Sam Dimmick

Inupiat

Sam started carving when he was 4 years old. "I was cutting ivory for my uncles with a hack saw and a vice." Sam recounted how his uncles only spoke in their native tongue, not in English. "I still feel that I have a long way to come to be as skilled as them," he said in a recent interview with The Steinbrueck Gallery.

At the age of 20, Sam was an aircraft mechanic and moved to Anchorage, Alaska. He remembers his teachers and unlces telling him that he would become someone. Knowing that he gravitated towards art, he found a place called the Cook Inlet Native Association. "It was a gathering places for native people to do art. The elder people would do their own thing and younger people like me would come and watch them. Through that, you learn," he said in interview with the gallery.

As a "half Black, half Eskimo" youth, Sam found that it was difficult to establish himself as an artist. But Ken "Ralph" Paneok and Paul Tiulana, well-known carvers, took Sam under their wings and taught him many of the skills he's learned.

Sam speaks about how valuable island art is because of its unavailability. "And it's uninfluenced," he said. People who live on islands only have what is in front of them to pull inspiration from.

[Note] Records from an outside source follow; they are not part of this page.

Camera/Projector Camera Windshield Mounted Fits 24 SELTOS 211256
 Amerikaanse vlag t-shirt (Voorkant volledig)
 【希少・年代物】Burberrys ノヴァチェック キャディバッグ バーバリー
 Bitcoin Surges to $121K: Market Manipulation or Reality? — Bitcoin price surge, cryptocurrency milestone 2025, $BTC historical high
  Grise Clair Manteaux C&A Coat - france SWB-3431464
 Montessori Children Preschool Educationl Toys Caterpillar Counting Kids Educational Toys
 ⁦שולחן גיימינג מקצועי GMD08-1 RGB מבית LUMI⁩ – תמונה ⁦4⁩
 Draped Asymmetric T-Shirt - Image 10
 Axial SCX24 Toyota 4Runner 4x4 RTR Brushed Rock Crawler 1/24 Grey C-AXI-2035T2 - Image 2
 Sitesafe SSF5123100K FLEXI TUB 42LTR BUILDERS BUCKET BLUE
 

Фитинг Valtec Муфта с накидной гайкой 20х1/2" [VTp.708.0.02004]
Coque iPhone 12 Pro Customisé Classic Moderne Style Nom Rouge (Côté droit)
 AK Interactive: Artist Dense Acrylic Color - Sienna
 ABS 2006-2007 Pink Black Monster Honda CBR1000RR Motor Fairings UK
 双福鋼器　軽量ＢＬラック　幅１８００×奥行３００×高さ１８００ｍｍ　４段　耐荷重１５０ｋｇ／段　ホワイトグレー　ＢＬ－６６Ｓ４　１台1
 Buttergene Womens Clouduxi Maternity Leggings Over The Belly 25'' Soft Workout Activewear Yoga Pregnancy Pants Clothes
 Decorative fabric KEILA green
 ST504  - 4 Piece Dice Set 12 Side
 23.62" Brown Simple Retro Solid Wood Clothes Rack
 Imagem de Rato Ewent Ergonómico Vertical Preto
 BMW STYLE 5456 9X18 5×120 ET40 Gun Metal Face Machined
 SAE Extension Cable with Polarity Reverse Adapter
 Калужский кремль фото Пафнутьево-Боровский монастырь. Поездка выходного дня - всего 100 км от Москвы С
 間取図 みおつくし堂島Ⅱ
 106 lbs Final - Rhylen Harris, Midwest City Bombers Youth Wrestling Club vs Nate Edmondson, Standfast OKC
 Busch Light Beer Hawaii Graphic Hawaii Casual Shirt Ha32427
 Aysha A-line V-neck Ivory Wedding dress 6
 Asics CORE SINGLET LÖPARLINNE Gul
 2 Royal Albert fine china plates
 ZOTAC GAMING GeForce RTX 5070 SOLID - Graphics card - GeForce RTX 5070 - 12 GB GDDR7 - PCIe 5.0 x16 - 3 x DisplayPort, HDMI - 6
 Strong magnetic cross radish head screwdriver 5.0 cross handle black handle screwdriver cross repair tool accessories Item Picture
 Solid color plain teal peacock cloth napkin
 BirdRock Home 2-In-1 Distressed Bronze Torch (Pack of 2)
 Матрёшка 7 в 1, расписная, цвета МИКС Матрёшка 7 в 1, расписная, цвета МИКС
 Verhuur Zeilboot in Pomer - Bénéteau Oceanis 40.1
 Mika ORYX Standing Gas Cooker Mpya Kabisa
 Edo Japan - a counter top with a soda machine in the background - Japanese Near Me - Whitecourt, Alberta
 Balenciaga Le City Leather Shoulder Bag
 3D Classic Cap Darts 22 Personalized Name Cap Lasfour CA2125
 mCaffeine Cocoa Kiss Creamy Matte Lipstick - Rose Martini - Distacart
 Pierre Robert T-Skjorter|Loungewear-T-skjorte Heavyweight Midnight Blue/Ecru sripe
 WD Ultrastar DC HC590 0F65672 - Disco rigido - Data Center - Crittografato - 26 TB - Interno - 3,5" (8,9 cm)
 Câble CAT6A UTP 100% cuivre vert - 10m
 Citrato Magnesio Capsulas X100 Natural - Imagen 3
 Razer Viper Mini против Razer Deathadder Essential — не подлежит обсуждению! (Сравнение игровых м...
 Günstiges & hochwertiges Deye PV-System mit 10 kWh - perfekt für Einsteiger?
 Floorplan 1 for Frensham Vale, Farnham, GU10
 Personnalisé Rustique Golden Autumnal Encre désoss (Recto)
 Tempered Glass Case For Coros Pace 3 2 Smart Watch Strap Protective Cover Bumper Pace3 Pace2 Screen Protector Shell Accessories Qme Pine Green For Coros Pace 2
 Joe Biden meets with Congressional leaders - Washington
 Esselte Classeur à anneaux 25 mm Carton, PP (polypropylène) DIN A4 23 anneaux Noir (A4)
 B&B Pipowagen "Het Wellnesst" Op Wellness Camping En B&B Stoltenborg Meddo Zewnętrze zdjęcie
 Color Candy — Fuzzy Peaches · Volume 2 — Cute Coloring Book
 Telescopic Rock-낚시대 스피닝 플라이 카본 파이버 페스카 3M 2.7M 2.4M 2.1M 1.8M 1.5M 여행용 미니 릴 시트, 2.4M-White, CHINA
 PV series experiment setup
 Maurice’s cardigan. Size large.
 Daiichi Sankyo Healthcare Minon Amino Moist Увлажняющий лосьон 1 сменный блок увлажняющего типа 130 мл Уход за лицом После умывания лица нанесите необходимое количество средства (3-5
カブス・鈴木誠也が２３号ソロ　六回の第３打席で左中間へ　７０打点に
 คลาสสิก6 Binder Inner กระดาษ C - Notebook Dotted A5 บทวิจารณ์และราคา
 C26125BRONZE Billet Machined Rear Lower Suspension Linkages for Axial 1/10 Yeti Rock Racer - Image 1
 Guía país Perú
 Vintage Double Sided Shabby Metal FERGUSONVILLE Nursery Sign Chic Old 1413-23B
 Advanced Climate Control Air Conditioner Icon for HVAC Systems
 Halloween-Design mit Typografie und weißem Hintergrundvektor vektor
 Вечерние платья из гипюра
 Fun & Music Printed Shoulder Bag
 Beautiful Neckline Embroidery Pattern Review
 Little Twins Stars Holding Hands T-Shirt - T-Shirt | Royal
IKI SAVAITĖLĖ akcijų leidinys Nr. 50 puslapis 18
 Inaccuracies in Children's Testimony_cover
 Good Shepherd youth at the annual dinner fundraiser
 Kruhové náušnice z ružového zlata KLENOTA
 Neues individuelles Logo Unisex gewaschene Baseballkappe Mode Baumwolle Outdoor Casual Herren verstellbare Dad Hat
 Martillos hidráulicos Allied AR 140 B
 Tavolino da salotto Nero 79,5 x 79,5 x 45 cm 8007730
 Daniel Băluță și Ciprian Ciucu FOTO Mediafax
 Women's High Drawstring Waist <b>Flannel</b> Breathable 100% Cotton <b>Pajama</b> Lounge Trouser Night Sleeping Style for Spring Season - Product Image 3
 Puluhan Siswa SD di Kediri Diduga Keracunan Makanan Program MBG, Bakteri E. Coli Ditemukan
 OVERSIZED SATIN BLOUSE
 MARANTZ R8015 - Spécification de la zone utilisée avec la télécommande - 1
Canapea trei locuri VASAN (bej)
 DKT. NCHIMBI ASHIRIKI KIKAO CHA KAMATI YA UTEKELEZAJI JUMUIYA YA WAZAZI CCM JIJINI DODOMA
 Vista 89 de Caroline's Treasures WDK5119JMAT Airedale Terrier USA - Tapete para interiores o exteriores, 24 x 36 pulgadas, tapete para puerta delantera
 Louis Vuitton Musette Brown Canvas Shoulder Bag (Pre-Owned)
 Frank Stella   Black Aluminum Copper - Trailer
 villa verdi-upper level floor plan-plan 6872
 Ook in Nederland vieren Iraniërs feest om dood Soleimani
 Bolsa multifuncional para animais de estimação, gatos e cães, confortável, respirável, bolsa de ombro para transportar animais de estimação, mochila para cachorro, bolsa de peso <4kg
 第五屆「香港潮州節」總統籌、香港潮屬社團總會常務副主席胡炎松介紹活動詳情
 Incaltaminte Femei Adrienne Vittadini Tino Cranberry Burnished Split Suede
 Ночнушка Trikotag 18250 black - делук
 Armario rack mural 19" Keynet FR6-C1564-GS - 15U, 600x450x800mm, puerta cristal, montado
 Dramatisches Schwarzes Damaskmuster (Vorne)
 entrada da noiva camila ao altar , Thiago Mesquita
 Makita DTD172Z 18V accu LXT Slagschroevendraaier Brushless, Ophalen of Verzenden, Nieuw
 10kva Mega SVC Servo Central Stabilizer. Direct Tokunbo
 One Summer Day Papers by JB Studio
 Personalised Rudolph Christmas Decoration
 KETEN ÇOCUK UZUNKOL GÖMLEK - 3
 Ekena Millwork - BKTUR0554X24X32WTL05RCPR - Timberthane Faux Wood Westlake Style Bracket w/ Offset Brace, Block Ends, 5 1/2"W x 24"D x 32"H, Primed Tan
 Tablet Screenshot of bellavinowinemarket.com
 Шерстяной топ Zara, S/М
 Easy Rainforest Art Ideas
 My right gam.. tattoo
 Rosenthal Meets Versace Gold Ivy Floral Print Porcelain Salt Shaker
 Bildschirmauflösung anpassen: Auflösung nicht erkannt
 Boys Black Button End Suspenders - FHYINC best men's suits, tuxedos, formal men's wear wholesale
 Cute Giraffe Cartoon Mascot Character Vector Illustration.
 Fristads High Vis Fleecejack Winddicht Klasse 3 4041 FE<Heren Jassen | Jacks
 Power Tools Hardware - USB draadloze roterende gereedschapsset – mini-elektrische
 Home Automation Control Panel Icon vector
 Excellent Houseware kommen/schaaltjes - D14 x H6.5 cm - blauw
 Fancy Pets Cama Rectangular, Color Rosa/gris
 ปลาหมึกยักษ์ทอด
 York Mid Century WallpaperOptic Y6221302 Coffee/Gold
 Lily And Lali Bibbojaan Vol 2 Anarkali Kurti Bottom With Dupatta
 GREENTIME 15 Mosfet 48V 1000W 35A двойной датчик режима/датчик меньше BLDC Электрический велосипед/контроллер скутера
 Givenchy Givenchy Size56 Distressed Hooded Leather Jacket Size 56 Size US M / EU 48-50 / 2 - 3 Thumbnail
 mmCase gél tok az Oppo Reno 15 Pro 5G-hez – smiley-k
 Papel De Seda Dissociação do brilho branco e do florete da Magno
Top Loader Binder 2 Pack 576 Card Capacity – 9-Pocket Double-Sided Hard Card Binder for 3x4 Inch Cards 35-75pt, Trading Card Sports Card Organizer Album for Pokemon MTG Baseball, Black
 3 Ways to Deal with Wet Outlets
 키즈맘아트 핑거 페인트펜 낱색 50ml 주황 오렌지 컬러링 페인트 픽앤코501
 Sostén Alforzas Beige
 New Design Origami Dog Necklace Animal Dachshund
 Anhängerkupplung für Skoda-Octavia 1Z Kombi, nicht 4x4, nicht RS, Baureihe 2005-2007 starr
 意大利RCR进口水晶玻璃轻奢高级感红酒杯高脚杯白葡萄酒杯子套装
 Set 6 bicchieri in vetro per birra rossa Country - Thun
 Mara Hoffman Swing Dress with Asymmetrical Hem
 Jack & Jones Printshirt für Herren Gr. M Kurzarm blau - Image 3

He's known the owner of the Steinbrueck Gallery since 1982 and speaks highly about how she's helped Sam to become a better carver and insists on making that known. He primarily works with fossilized bone and stone and his works can be seen all over the world. One can touch his pieces, and “feel” the bone structure of the bear, the feathers of the bird, and the smoothness of the whale. Sam’s sculptures can be found in museums, galleries, and personal collections spanning the globe.